Если в Преображенском братстве, которое я априори считаю собранием хороших людей, мы не можем до конца понять русский вопрос, то не опасаетесь ли Вы, что когда этот вопрос выйдет в народ, он примет такие формы и смыслы, которые Вы точно не имели в виду? И будет жуткий, звериный национализм, шовинизм и всё такое.

— Мы этого очень опасаемся, поэтому и не спешим с выступлениями на эти темы. А если выступаем, то стараемся сразу отслеживать и оценивать этот процесс. Например, я по интернету специально смотрю и читаю эти материалы не потому, что у меня много сил и времени, а потому, что я как раз опасаюсь, что будут искажения или с нашей стороны, или со стороны тех, кто на нас реагирует. Бывает иногда, что ты-то, может быть, хорошо выскажешься, но тебе в ответ прилетит такое, что сам себя не узна́ешь.
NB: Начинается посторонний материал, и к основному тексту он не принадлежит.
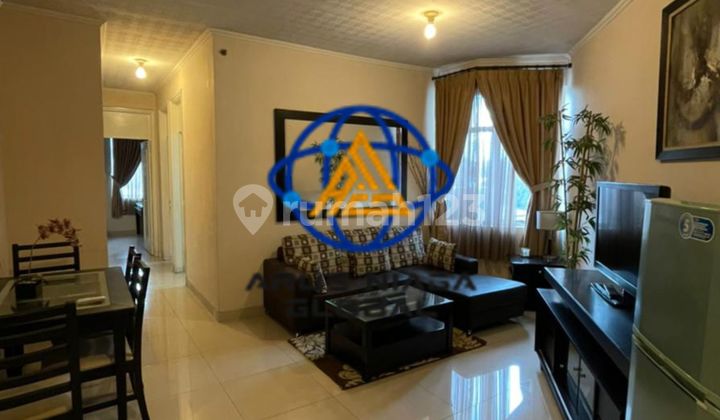 Disewakan Apartement Crown Court Cikarang Furnished Disewakan Apartement Crown Court Cikarang Furnished
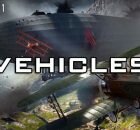 Battlefield 1 Vehicles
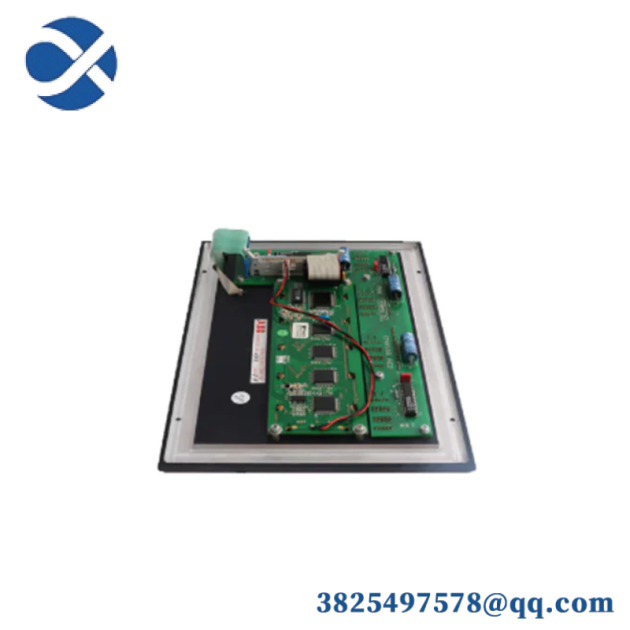 ABB CMA130 3DDE300410 - High Performance DCS Module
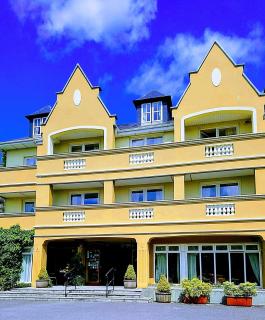 Earls Court House - Killarney - 5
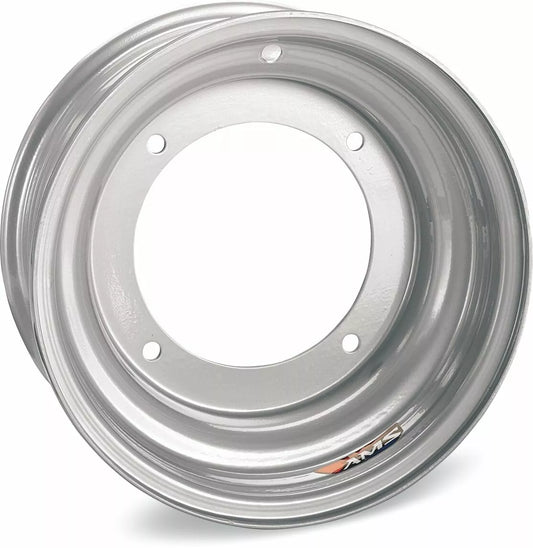 AMS felg STEEL 10X5 4/156 2+3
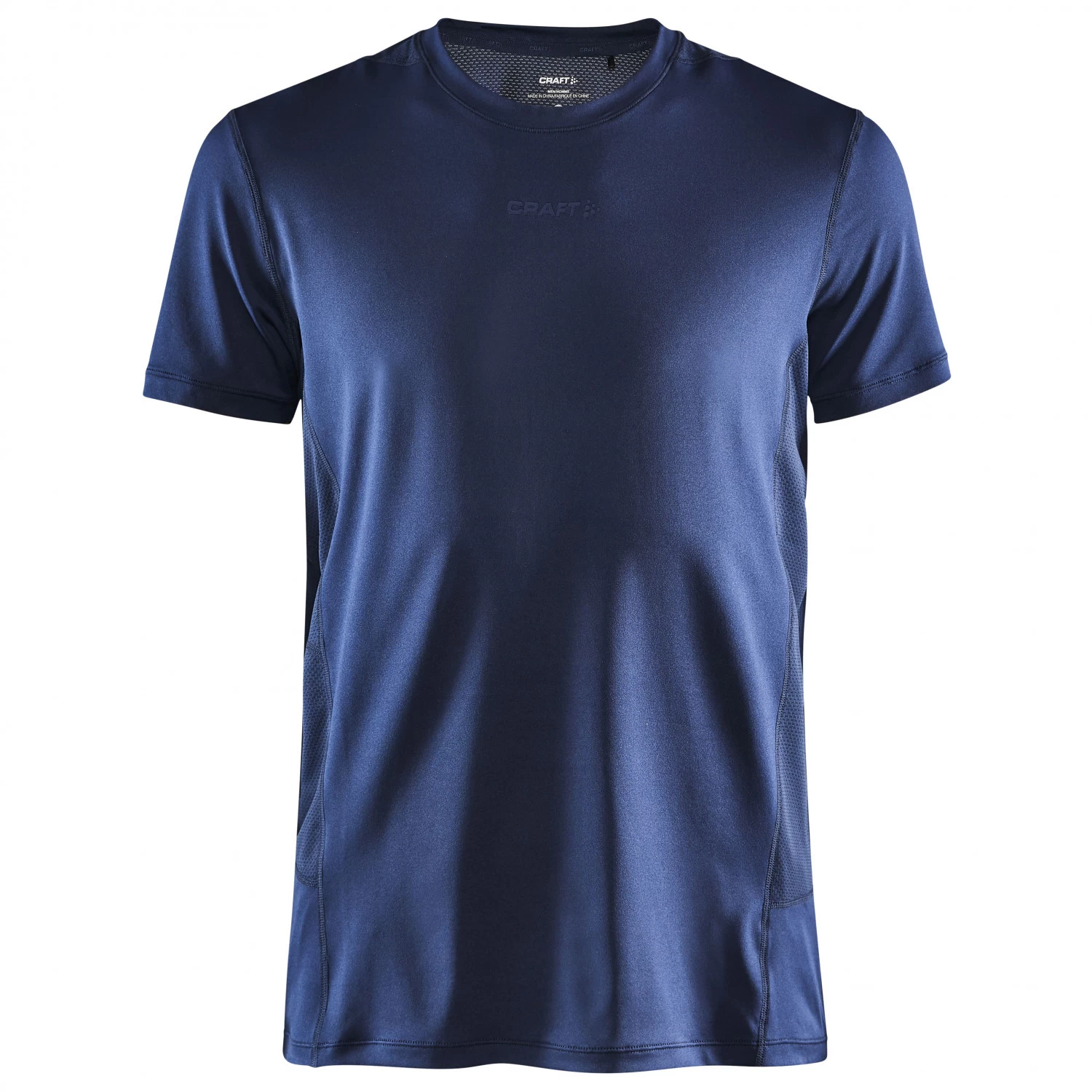 Craft - Advanced Essence S/S Tee - Running Shirt 3 Craft - Advanced Essence S/S Tee - Running Shirt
Видите ли Вы, что педалирование русского вопроса приведёт к разделению в Братстве?

— Выделять его как единственный важный вопрос в Братстве, конечно, ни в коем случае нельзя. То есть его педалировать не надо, он идёт как один из многих важных вопросов, но в полном объёме всех тех тезисов покаяния и возрождения, которые существуют и для церковной части, и для общественной и народной части. Только так, только в этом контексте! Потому что стоит только вынуть что-то из него, начнутся перекосы. Вот почему я не очень хотел, чтобы братства распределяли эти тезисы между собой. Ну и получилось у вас как раз то, что получилось. Потому что один вопрос вынули — полюбить свою землю, язык, культуру и так далее, но забыли, что если его вынуть из контекста, он тут же обретает совсем не те обертоны.

А наш общий дом действительно сейчас всё ещё горит — наш церковный дом горит, наш родной и духовный дом. Поэтому нам нужно делать сначала важное, потом срочное. А важно для нас – не только как-то сохранить сам дом, но ещё вместе с его начинкой, чтобы дом был домом, а не коробкой и кучей головешек и пепла. Вот у нас появилось новое дело — общение с сообществами. Критерии работы с ними пока не выработаны, и многие братства здесь действуют кто во что горазд. Хотя есть и удачные опыты, иногда мы встречаемся с такими движениями или какими-то такими сообществами, которые действительно показывают свою глубокую ответственность (и духовную, и историческую, и культурную, и национальную) друг за друга, за нашу землю и за наше движение в будущее, чтобы мы не превратились, как говорится, в чью-то культурную или политическую колонию. И это общение приносит прекрасные плоды. Но в то же время вот мне сейчас посылали на благословение разные маршруты паломничеств, и там было много маршрутов, смотря на которые я вообще не понимал, зачем они нужны в принципе.

Пусть будет больше вопросов, пусть будут и критические замечания. Слава Богу! А если мы где-то ошибаемся, то с удовольствием всё поправим. В конце концов, для того у нас и Братство.